To guard the rest of the operation beyond the nearest .commit()
, use that lock to secure the query against immediate collisions but also add an advisory lock that survives multiple transactions.
Advisory locks don't offer a skip locked
but it can be emulated with a recurisve cte (walks the id
's and stops at the first one that doesn't return false
on locking attempt).

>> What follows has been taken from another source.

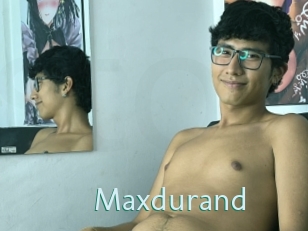 maxdurand Straponles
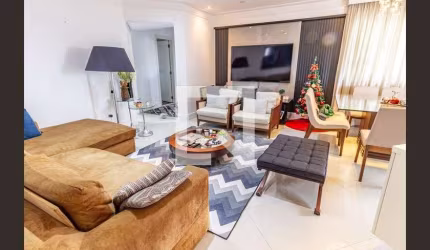 Apartamento à Venda - Vila Invernada, 3 Quartos,  127 m2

Or, you can just look up which id
's are already advisory-locked according to pg_locks.objid
and exclude those
select id, pg_try_advisory_lock(id)
from test
where status='ready'
and id not in(select objid
from pg_locks
where locktype='advisory')
order by priority
, created_at
for update skip locked
limit 1;
You could also get rid of that entirely and look up free id
's straight from the worker:
@app.task(bind=True)
def example_task(self, id):
with get_db_conn() as conn:
try:
with conn.cursor(row_factory=dict_row) as cursor:
test = None
cursor.execute("""WITH find_free_id_and_lock_it AS
(UPDATE test
SET status='running'
WHERE id=(SELECT id
FROM test
WHERE status='ready'
ORDER BY priority
, created_at
FOR UPDATE SKIP LOCKED
LIMIT 1)
RETURNING *)
,lock_resource AS
(SELECT *, pg_advisory_lock_shared(id)
FROM test
WHERE id=(SELECT resource_id
FROM find_free_id_and_lock_it)
FOR SHARE/*waits if necessary*/)
SELECT target.*
, resource.*--replace with alias list
FROM find_free_id_and_lock_it AS target
JOIN lock_resource AS resource
ON target.resource_id=resource.id;
""", (id,))
try:
test = cursor.fetchone()
except psycopg.errors.ProgrammingError:
logger.warning(f'Test log msg')
conn.rollback()
return
conn.commit()
# Some processing...
cursor.execute("""UPDATE test
SET status = 'done'
, properties = %s
WHERE id = %s
RETURNING pg_advisory_unlock(resource_id)
""", (Jsonb(properties), id))
conn.commit()
except Exception as e:
logger.exception(f'Error: {e}')
conn.rollback()
with conn.cursor(row_factory=dict_row) as cursor:
# Update status to error with exception information
cursor.execute("""UPDATE test
SET status = 'error', error = %s
WHERE id = %s
RETURNING pg_advisory_unlock(resource_id)
""", (Jsonb({'error': str(e), 'stacktrace': traceback.format_exc()}), webpage_id))
conn.commit()
Both target and resource lookups, adequate locks as well as the status update are all applied within a single query and transaction. Depending on what you do in # Some processing...
and how long that takes, it might be preferable to acquire the shared lock on resource
later, just in time, like it was done originally.